But how could the soul of this vicious, babyish, self-indulgent, overgrown, corrupted boy—this soul steeped through and through its every fibre with selfishness, vanity, and crime—how could it be thrilled with one virile impulse? The man within him was dead—only the cowardly animal survived.
The sound of horses’ hoofs was heard galloping along the rough road leading to the villa. It denoted the approach of horsemen who had been bidden at all hazards to seize him alive.Strange that even at such a moment he could not help being self-conscious and melodramatic.
‘“Thunder of swift-foot coursers smites my ears.”’[121]
he said, trembling—quoting a verse of Homer. But at last, when not one second was to be lost, he placed the dagger against his throat, and, seeing that he would be too much of a poltroon to inflict anything more than an ineffectual wound, Epaphroditus with one thrust drove it home.
Then in burst the centurion. Anxious to seize him alive, he cried, ‘Stay, stay, Nero!

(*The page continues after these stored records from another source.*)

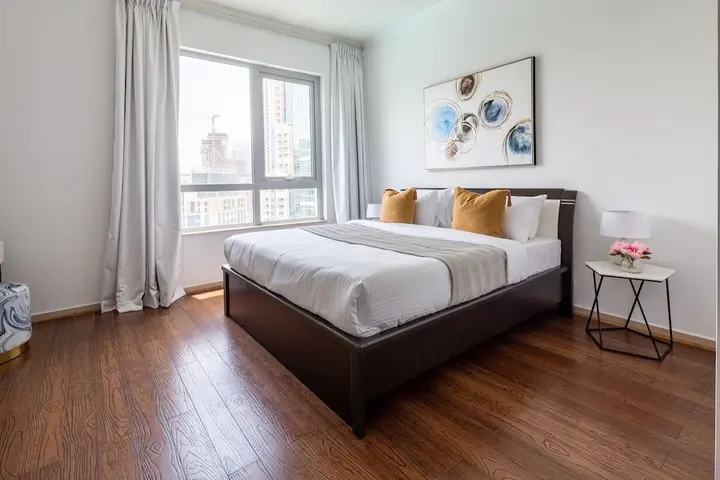 Дубай: Stellar 2BR Apartment With Dazzling Views Of The Burj Khalifa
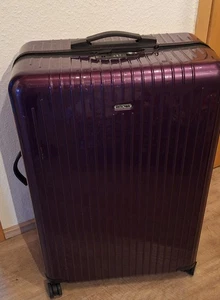 Rimowa Salsa Air Koffer 105l lila - Bild 1 von 11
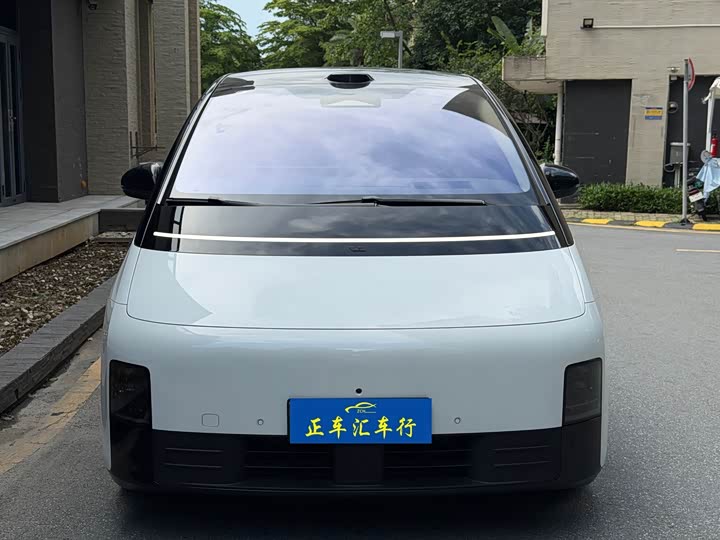 LiXiang Mega 2025 2025款 Home 家庭特别版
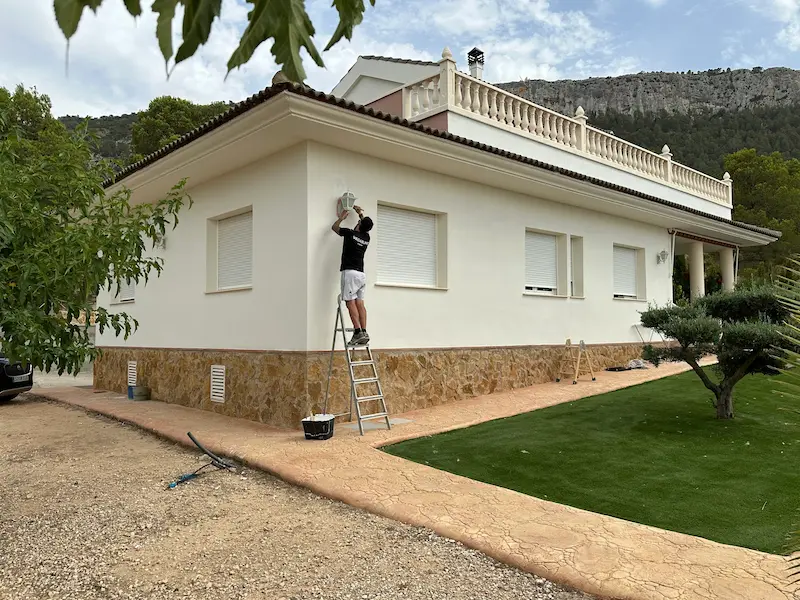 Proyecto Exterior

I have come to help you!’ and tried with his cloak to stanch the bleeding wound.
‘Too late,’ gasped the dying wretch.—‘Is this your fidelity?’
With these words he died, and the spectators were horror-stricken at the wild, staring look of his rigid eyes, which seemed to stand out of his head.
Fidelity! What fidelity had Nero himself shown to God, to human nature, to Rome, to his mother, his adoptive father, his wives, his brother, his tutors, his family, his friends, his slaves, his freedmen, his people, his own self? What more worthless life was ever disgraced by a more contemptible and abject death?
Forty-one princes and princesses of his race had perished since the beginning of the century, by the sword, by famine, or by poison; and the historian imagines the shades of those unhappy ones gathered round the miserable pallet on which—more miserably, more pusillanimously, more guiltily, more abjectly than any one of them—perished the last of a race whom heaven had been supposed to receive as gods, and whom earth rejected with disgust. And had their race ended in this manikin, in this cowardly and corrupted actor? ‘The first of the Cæsars,’ says the historian, ‘had married four times; the second thrice; the third twice; the fourth thrice again; the fifth six times; and lastly this sixth Cæsar thrice:—of these repeated unions a large number had borne offspring.’ Where were they all? Cut off for the most part by open murder, or secret suicide, or diseases mysterious and premature! And now the prophecy of the sibyl had been fulfilled—
‘Last of the Æneadæ shall reign—a matricide!’